Gunner Cruz started, took most of the snaps and performed well overall in his first extended playing time as a collegian. Although he connected on a high percentage of pass throughout (75.6%), Cruz clearly got more comfortable in the second half, when his average per attempt jumped from 6.47 yards to 8.19. He had some issues, though. Jedd Fisch estimated that three of the four sacks Arizona allowed were “on us” – meaning he and the quarterbacks. A 17-yard loss in the fourth quarter was particularly costly. Cruz also misread the secondary and threw an interception on first-and-10 from the BYU 35-yard line in the fourth. Will Plummer played one series – not enough to merit a grade beyond incomplete.
Michael Wiley and Drake Anderson took all the snaps, and they had a heavy workload, combining for 35 touches and 193 scrimmage yards. Both served as valuable outlets for Cruz, totaling 15 receptions. Wiley was extremely busy, easily setting a new career high with 21 touches, which netted 130 yards. He ran hard, especially between the tackles, where holes were hard to find. Anderson provided a nice change of pace, using his quickness and shiftiness to elude tackles. He had 14 touches for 63 yards.
Stanley Berryhill III led the way, totaling career bests in receptions (12, on 13 targets) and yards (102). He maneuvered deftly in tight spaces along the sidelines. BJ Casteel had five catches for 53 yards, including a 29-yard touchdown that saw him catch a short pass over the middle and break free toward the left pylon. Tayvian Cunningham had four catches for 59 yards and drew a pass-interference penalty. The tight ends weren’t as involved as expected, totaling only three receptions. Bryce Wolma appeared to be open for a touchdown on one play, but Cruz didn’t see him.
Was Fisch being kind to the line in his assessment of blame for the sacks? Maybe. There were a couple of glaring breakdowns in pass protection, and the line had trouble dealing with blitzes, a carryover from last season. For the most, though, Cruz and Plummer had adequate time. The run blocking was decent, especially in short-yardage situations; in all, Wiley and Anderson combined for 99 yards on 23 attempts. The line wasn’t at full strength, as left tackle Jordan Morgan was out because of injury. That pushed Josh Baker into the lineup. The second-year freshman held up well in his first career start.

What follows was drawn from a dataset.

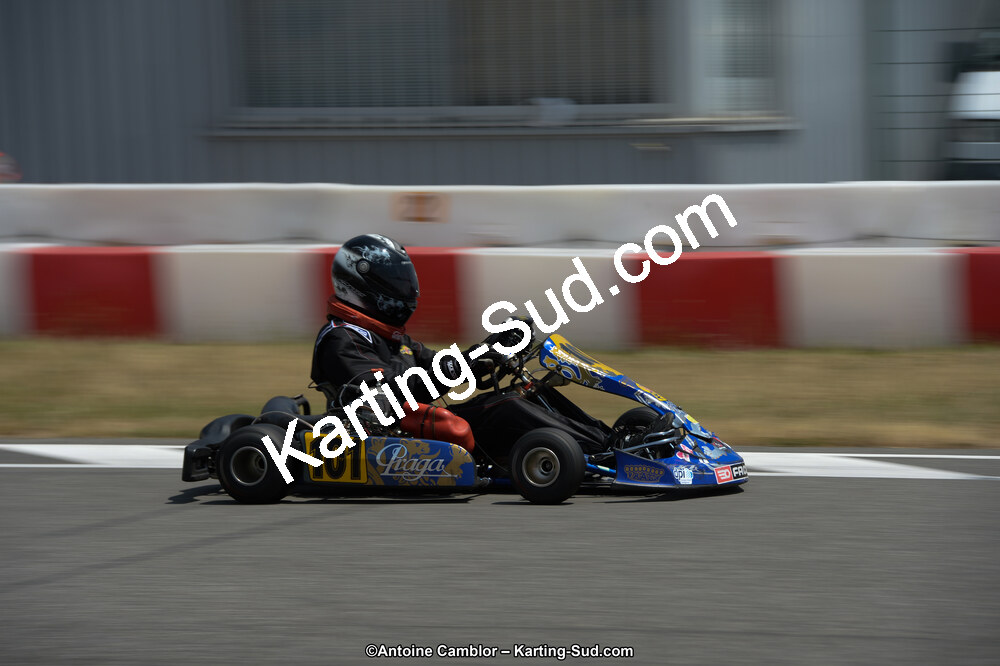 DSC_9351.jpg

Many expected BYU to run roughshod over this group. That didn’t happen. The front also produced one of the biggest defensive plays of the game. But it sprung a few leaks too, especially along the edges, and didn’t get home enough (one sack, by Kyon Barrs). The big play started with Trevon Mason’s penetration into the backfield and ended with him and Rashie Hodge Jr. teaming up for a safety. Mason and Hodge combined for three of the front’s 5.5 TFLs. Linebackers Treshaun Hayward and Anthony Pandy matched Mason with eight tackles.
Top cornerbacks Christian Roland-Wallace and Isaiah Rutherford weren’t targeted much, a testament to their effective coverage. The same couldn’t be said for nickel CB Malik Hausman, who got burned for a 67-yard touchdown in the second quarter. Jaxen Turner, Jaydin Young and Gunner Maldonado rotated at safety, and the play at that position was an upgrade over last season. They combined for 14 tackles, 2.5 TFLs, one forced fumble and one pass breakup. Turner did commit a facemask infraction.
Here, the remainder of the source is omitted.